Un olor raro, como de carne quemada, nos ha acompañado en el coche hasta la estación de tren. Amanecía con un cielo rosa-violeta que a la nena le hubiera encantado ver, si mamá no la hubiese obligado a echarse sobre mis piernas y cerrar los ojos para dormir otro ratito, que nos queda mucho camino hasta donde los abuelos.
Yo sí lo he visto. También las fumarolas blancas, negras y grises que cercaban, a lo lejos, la capital. Aparecían de pronto, tras las siluetas de los árboles pelados y secos, y entre las serpientes luminosas que atravesaban los caminos y carreteras.
He visto la mano de mi padre soltar el volante y agarrar la de mi madre cada tanto, y a ésta girarse para comprobar que la nena dormía y que yo la sujetaba bien con las mías.
Dormía y respiraba suave, y a mí me parecía como si ese sonido guiase al coche al dar cada curva, al atravesar cada cruce, donde grupos de hombres nos hacían indicaciones para continuar.

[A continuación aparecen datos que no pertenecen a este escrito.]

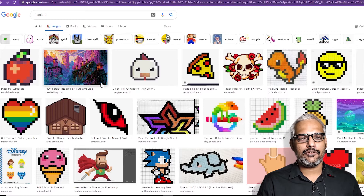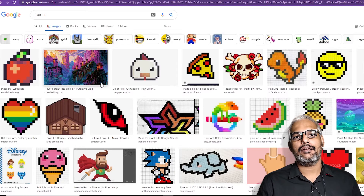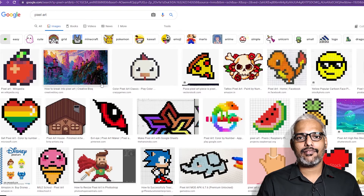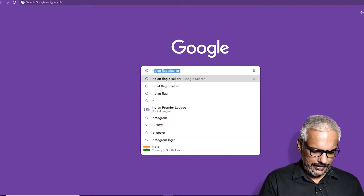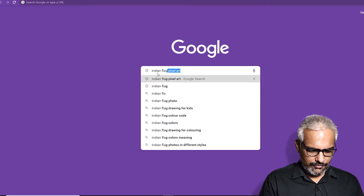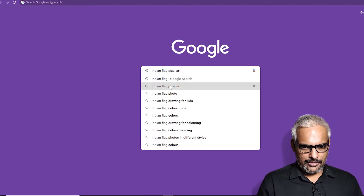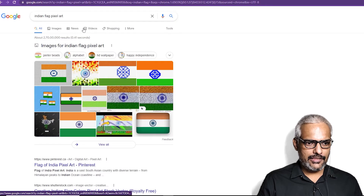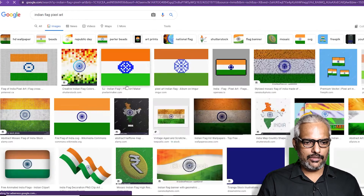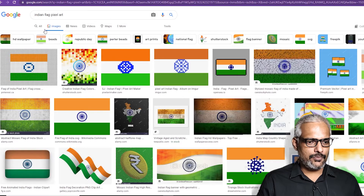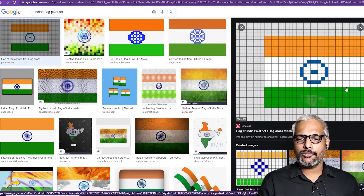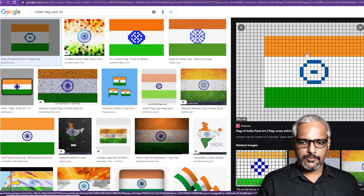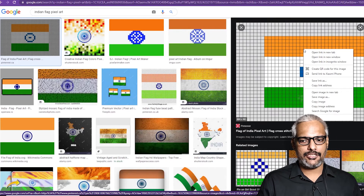The main idea of this video is to make kids interested in something like an Excel sheet. I will search for something very simple — something like an Indian flag pixel art. We'll look for it in Google search and select the first result, and we'll try to draw that image using Excel.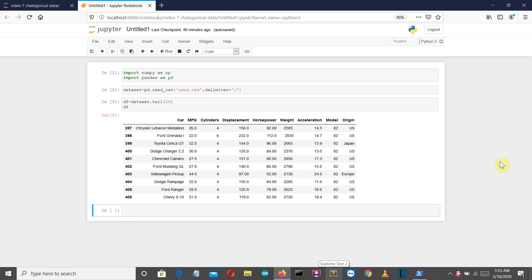Hello Python programmers, this is the seventh video of the machine learning with Python video series. In this video, I'm going to show you how you can handle categorical data. First, let's understand what categorical data are theoretically. When the values in a column are distinct from each other and don't have any numerical relationship between them, those data are called categorical data. In this dataset, the last 'origin' column has categorical data — US, Japan, and Europe are different categories.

Casi ya en la ciudad, el cielo se ha despejado del rosa al azul, y al acercarnos a la autopista el paisaje verde ha perdido el color bajo las ruinas de edificios que antes eran colosos. No, titanes, papá ha dicho titanes, hablando bajito y mirándome a través del retrovisor. Pero la guerra, hijo, puede con todo.
Ha sido entonces, mientras íbamos dejando atrás escombros, montañas de chatarras y neumáticos ardiendo, cuando me ha pedido que cuidase de las chicas. Y ha sido entonces cuando me he enterado de que él tiene que quedarse a luchar, y yo le prometido que, seguro, seguro, seguro, haré muy bien su parte en la familia. Claro que sí, hijo, hay que arrimar el hombro, porque el abuelo ya está algo mayor. Tú sabrás qué hacer en cada momento, me ha sonreído al final.
Ahora, sin embargo, espero alguna señal. Estoy confuso, No puedo pensar, solo recordar una y otra vez este día. La mirada de mamá a nuestra casa, ya desde la calle, parada en la acera, girándose hacia nuestros balcones. Escucho gemidos y llantos, pero no reconozco a mi madre ni a mi hermana en ellos. Trato de moverme, de estirarme, de alargar la mano para poder coger la maleta.
Casi nos la dejamos en el coche al llegar a la estación, con los nervios. Mamá no quería despertar a mi hermana, pero teníamos que hacerlo si queríamos llegar a tiempo al tren. Ha sido gracias a que la niña quería sacar a Fafi para llevarlo en brazos durante el viaje que nos hemos dado cuenta. Y, con mi hermana de una mano, conmigo de la otra y yo arrastrando la maleta, hemos empezado a caminar, deprisa, casi a correr, hasta la entrada.
No sé si es que la muerte nos esperaba en la puerta o si la traíamos detrás todo el camino y allí decidió cumplir con lo suyo, pero fue nada más alcanzar cuando un siseo sutil me arañó la nuca y sentí el impacto. Estas llamas y este olor podrían ser los del infierno, pero no, mamá y la nena nunca irían a ese sitio y yo puedo verlas aquí a mi lado, tapadas con mantas. Oigo ahora el alarido de las sirenas y un par de botas militares se acercan corriendo hacia nosotros. Una mano fuerte pero temblorosa nos descubre el rostro y nos tapa de nuevo.
—Muertos los tres —dice el militar—. Parecía que el chaval respiraba, pero no. Esa debe de ser su maleta.